After his polarizing blockbuster trip into space with “Star Wars: The Last Jedi,” writer-director Rian Johnson turns back to the stylish mysteries of his excellent crime dramas “Looper” and “Brick” with the hilarious whodunit “Knives Out.”
His deliciously tart Thanksgiving treat mixes the twisty puzzles of Agatha Christie’s books, the sharp-edged humor of Mike Nichols’ films and Johnson’s own audacious storytelling style, which involves subtly seasoning the story with timely commentary on family affairs, class strife and immigration policy. Even better, he has an all-star cast eager to veritably feast on the scenery of his cinematic game of “Clue.”
The night after wealthy crime novelist Harlan Thrombey’s (Christopher Plummer) complicated, combative family gathers for his 85th birthday party at his rambling mansion, the writer is found dead of an apparent suicide. Lt.
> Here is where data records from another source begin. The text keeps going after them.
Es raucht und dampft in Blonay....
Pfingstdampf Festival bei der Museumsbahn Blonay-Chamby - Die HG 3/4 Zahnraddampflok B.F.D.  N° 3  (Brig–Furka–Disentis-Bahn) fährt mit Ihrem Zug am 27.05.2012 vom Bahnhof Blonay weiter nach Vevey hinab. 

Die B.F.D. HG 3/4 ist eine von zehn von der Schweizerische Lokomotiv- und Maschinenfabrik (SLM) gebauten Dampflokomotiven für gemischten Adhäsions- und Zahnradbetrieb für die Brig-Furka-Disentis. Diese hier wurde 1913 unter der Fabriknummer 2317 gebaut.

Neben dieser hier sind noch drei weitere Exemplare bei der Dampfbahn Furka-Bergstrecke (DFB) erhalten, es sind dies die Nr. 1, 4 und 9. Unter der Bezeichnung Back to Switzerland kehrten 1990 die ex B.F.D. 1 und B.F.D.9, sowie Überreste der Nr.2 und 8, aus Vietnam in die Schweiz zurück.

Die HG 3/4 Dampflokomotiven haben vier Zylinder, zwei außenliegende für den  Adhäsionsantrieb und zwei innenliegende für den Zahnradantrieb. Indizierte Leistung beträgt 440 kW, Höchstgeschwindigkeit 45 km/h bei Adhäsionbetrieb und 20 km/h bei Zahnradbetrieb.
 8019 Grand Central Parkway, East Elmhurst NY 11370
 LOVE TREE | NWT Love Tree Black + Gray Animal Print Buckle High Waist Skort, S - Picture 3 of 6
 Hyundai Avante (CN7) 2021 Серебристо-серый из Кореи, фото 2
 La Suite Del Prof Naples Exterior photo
Elliot (Lakeith Stanfield), the mild-mannered police detective in charge, and Trooper Wagner (Noah Segan), a Thrombey fan boy also on the case, are joined in the investigation by Benoit Blanc (Daniel Craig), a renowned private detective whose observations are as quick as his Southern drawl is slow.
Blanc suspects foul play, and potential suspects abound: Harlan’s daughter Linda (Jamie Lee Curtis) is an ambitious real estate mogul whose allegedly supportive husband, Richard (Don Johnson) is having an affair; his son Walt (Michael Shannon) is the milquetoast head of Harlan’s publishing company who chafed at the restrictions his father put on licensing his books; his widowed daughter-in-law Joni (Toni Collette) is a flighty lifestyle guru who has a canny way of secreting away the support he provides in memory of his late son; his favorite grandson, Ransom (Chris Evans), is a spoiled, selfish playboy and spendthrift; and his other grandson, Jacob (Jaeden Martell) is a right-wing internet troll.
As he painstakingly pieces together the events of that fateful night, Blanc increasingly relies on the testimony of Harlan’s Harlan’s nurse and close friend Marta (Ana de Armas), who has a peculiar psychological disorder: attempting to lie induces her to vomit.
“Knives Out” is an enticing addition to Johnson’s filmography and a welcome appetizer before he goes back into orbit for more “Star Wars” adventures.